Content starts

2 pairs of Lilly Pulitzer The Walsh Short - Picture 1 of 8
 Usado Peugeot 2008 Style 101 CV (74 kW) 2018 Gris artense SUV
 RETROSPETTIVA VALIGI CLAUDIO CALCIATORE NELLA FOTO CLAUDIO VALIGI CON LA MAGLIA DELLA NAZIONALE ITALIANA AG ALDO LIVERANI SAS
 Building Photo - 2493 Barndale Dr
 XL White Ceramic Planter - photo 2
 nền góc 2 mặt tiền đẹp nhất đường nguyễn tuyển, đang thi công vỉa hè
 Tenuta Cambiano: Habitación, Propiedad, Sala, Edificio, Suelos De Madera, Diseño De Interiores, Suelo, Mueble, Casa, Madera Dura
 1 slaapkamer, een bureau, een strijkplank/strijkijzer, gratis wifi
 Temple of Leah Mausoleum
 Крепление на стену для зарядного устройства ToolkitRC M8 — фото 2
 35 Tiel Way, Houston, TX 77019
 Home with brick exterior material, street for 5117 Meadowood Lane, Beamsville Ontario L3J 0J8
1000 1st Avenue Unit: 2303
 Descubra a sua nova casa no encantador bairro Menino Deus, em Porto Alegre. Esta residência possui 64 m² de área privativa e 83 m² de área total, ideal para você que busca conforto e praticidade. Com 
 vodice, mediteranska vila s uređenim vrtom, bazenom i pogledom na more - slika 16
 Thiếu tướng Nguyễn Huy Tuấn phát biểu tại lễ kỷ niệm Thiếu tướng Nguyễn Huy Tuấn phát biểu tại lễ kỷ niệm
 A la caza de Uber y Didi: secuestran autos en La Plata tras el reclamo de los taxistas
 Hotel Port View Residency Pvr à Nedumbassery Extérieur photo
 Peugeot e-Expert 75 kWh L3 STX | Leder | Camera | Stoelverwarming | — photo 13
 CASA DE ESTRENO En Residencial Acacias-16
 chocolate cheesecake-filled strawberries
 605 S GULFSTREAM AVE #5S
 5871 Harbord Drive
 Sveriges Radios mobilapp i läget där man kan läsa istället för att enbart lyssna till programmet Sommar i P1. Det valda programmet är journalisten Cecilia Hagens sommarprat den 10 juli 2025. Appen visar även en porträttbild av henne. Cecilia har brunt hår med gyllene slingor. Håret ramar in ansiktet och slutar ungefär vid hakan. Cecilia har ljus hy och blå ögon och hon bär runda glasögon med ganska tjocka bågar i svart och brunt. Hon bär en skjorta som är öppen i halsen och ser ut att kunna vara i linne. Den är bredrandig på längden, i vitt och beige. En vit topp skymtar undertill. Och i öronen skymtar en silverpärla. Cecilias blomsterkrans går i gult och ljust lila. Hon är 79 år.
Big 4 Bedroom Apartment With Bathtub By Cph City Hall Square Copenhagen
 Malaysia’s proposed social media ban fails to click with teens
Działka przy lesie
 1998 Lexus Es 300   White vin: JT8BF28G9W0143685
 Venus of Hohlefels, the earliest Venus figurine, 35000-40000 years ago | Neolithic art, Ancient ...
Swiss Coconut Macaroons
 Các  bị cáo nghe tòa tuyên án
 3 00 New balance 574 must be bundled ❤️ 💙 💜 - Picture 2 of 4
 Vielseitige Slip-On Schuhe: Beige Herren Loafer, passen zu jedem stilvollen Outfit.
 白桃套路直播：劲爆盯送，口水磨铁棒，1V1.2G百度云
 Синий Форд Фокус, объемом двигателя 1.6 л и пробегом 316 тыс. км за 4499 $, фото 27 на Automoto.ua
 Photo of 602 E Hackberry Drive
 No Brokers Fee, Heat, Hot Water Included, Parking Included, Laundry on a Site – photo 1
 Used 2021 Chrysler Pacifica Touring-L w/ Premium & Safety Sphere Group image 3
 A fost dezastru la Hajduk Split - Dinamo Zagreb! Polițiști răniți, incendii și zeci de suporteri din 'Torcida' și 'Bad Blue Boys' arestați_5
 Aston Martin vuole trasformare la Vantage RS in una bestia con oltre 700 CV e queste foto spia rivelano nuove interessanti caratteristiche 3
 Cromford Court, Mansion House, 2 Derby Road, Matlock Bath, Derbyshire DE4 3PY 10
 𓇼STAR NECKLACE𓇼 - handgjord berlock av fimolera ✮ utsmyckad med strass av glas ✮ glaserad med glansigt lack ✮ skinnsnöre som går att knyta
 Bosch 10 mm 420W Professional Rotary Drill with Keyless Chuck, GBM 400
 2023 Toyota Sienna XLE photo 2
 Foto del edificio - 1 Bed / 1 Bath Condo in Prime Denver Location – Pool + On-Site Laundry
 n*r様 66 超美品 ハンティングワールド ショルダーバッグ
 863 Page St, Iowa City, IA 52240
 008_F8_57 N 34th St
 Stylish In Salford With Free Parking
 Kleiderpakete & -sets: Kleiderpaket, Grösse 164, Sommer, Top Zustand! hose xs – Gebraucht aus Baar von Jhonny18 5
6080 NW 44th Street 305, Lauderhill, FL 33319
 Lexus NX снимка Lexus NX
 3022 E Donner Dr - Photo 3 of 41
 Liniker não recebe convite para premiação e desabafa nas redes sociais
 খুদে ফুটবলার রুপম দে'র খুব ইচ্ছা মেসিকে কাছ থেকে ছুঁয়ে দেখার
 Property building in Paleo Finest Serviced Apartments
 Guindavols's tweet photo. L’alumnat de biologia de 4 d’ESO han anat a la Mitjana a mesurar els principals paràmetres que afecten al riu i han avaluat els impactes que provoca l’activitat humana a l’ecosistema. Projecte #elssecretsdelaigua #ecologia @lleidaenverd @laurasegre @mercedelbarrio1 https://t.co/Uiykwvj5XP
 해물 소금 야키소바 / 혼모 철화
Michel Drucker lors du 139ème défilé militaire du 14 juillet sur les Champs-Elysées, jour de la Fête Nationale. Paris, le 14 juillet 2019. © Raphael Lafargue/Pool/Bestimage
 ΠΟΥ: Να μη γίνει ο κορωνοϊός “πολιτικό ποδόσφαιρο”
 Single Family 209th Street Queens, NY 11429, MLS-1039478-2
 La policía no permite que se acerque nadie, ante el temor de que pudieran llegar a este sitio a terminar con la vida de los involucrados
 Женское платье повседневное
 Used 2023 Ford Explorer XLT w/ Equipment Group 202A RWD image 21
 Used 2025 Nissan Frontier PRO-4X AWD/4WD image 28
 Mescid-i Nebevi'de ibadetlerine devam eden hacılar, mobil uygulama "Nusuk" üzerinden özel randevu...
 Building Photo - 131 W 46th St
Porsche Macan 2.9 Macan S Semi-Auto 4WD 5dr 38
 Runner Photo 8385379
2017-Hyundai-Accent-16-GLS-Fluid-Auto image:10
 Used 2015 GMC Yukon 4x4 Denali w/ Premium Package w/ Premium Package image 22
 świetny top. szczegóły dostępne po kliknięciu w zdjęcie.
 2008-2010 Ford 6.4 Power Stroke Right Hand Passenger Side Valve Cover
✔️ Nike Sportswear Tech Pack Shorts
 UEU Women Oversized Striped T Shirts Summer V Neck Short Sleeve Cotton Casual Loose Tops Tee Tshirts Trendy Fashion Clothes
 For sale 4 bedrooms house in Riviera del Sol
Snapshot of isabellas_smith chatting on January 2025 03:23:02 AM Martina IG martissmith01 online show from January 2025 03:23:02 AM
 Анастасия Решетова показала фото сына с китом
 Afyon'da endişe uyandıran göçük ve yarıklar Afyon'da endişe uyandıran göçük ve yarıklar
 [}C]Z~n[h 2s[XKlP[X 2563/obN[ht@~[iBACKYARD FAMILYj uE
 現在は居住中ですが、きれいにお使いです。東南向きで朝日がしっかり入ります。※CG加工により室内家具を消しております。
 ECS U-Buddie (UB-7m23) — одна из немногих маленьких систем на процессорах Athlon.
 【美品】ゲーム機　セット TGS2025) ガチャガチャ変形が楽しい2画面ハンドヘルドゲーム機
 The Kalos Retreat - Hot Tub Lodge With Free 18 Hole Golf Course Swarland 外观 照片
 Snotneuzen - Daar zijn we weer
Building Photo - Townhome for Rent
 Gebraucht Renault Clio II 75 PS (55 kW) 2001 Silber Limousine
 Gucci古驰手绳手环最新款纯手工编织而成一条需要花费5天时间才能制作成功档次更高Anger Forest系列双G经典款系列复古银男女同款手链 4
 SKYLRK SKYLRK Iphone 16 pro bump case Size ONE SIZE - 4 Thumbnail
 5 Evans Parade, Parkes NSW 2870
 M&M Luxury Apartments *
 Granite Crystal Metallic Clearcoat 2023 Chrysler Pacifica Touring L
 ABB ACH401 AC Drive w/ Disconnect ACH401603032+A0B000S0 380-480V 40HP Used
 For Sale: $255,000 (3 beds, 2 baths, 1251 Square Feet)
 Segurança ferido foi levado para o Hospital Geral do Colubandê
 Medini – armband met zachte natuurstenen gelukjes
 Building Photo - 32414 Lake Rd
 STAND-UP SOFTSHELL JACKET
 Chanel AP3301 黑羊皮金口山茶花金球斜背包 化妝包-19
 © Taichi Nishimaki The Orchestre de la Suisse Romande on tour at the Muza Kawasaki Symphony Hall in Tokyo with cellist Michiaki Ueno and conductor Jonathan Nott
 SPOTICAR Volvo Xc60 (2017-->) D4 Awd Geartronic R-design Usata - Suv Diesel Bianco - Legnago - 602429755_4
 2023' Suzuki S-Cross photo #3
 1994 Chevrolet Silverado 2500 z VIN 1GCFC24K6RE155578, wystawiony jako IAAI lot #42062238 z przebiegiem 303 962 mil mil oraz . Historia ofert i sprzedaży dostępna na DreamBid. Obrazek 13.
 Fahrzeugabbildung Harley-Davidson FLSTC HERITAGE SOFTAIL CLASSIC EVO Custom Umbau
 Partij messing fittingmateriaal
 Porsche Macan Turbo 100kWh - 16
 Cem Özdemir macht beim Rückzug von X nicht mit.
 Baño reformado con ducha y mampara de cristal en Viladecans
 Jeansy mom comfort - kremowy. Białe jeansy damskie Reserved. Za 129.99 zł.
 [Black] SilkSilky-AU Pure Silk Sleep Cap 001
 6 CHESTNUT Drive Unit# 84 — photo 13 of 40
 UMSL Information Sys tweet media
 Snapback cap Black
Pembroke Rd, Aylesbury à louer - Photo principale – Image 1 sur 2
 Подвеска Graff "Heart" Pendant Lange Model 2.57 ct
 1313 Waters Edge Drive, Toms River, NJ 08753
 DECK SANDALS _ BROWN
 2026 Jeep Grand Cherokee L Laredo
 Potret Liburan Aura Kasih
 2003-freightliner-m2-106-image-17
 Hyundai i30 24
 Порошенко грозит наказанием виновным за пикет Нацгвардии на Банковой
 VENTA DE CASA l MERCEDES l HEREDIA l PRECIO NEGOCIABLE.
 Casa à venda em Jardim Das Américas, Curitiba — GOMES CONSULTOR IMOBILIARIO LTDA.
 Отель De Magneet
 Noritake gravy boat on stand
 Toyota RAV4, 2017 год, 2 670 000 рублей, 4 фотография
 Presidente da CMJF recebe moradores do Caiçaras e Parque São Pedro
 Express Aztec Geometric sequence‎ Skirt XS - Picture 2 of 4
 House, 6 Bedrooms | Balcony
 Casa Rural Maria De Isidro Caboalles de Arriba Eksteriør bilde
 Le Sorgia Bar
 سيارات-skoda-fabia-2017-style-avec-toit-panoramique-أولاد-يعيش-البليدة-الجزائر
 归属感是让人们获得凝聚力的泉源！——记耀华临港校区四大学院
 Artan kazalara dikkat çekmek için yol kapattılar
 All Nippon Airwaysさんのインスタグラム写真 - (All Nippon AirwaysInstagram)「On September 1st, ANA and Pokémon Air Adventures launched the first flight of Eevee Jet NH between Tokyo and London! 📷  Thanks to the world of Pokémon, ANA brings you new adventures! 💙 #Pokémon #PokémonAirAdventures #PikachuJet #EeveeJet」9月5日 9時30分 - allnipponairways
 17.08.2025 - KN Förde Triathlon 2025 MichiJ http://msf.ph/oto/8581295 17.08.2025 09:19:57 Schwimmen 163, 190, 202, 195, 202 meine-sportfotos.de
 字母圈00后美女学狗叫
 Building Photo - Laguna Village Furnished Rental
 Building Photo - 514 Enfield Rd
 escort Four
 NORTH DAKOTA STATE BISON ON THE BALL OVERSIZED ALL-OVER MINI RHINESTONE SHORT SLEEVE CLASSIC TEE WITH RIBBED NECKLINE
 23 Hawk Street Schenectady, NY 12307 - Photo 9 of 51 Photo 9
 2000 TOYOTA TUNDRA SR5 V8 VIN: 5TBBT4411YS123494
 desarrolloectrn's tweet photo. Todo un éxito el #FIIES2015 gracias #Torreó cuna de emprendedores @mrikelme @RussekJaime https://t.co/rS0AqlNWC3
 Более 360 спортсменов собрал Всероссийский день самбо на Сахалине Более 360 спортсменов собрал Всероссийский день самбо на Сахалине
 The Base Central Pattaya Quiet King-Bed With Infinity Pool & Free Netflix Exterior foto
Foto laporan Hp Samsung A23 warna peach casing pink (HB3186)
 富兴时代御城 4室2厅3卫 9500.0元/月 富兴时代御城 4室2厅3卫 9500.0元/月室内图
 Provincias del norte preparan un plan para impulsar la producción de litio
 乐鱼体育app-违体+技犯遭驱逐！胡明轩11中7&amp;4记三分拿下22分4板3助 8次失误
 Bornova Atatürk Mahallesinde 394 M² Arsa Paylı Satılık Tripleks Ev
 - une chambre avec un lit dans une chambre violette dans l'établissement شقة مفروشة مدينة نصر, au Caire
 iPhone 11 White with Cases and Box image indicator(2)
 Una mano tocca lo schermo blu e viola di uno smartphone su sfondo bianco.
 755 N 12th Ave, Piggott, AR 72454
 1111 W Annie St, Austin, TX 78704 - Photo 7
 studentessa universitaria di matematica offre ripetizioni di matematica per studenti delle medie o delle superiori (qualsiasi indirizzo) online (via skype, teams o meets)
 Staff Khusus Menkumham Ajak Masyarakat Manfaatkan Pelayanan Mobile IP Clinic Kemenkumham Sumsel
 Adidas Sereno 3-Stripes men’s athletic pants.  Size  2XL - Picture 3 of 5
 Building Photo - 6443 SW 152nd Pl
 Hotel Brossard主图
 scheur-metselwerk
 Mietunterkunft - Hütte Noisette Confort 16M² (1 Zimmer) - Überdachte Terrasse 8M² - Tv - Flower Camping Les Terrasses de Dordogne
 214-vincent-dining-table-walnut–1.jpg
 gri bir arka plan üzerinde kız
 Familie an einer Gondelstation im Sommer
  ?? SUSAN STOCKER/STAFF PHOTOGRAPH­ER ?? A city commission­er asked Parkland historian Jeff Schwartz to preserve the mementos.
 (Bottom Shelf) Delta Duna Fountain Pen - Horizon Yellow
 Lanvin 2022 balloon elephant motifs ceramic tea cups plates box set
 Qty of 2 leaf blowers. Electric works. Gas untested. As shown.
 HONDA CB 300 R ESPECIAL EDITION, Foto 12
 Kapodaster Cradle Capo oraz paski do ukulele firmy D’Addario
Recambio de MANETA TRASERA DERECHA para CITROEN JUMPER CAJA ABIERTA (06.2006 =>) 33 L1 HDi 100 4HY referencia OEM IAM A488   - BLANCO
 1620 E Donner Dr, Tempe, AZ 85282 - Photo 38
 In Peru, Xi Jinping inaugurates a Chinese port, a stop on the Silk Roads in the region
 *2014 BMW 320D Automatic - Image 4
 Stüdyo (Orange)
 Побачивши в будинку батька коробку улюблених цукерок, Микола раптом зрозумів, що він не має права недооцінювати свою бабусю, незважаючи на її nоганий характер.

Content ends

● YOUR OBJECTIVE:
Filter the lines above, keeping each one that contains the string "media".

● RESPONSE TO THIS TASK:
 Malaysia’s proposed social media ban fails to click with teens
 UMSL Information Sys tweet media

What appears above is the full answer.